PROVIDED ENTRIES:
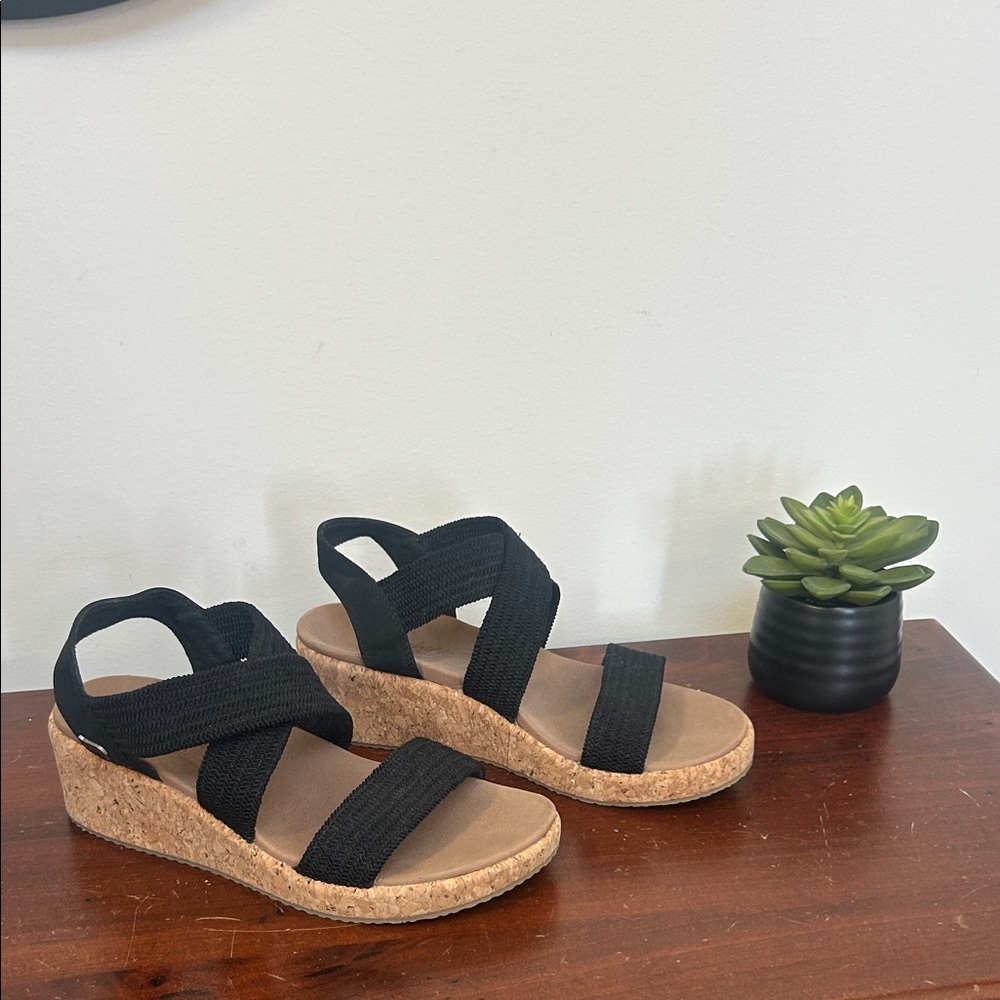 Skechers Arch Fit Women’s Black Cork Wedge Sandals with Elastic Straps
==
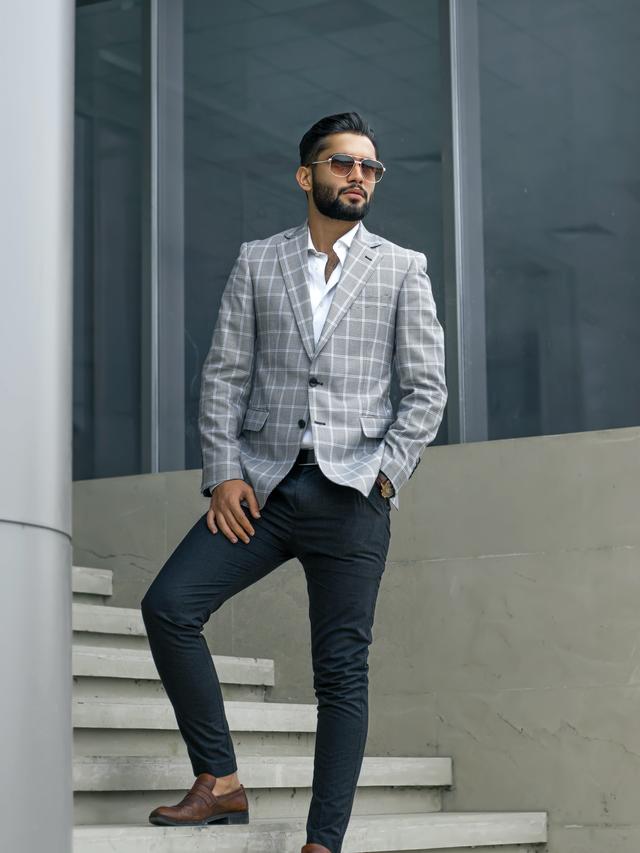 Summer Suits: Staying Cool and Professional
...
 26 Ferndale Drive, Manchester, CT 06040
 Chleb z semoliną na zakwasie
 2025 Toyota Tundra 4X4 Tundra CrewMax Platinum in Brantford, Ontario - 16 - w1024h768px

ACTION ITEM:
Above are the records; print exactly the lines from the line with "Chleb z semoliną na zakwasie" to the line with "2025 Toyota Tundra", including both, and nothing else.

REPLY:
 Chleb z semoliną na zakwasie
 2025 Toyota Tundra 4X4 Tundra CrewMax Platinum in Brantford, Ontario - 16 - w1024h768px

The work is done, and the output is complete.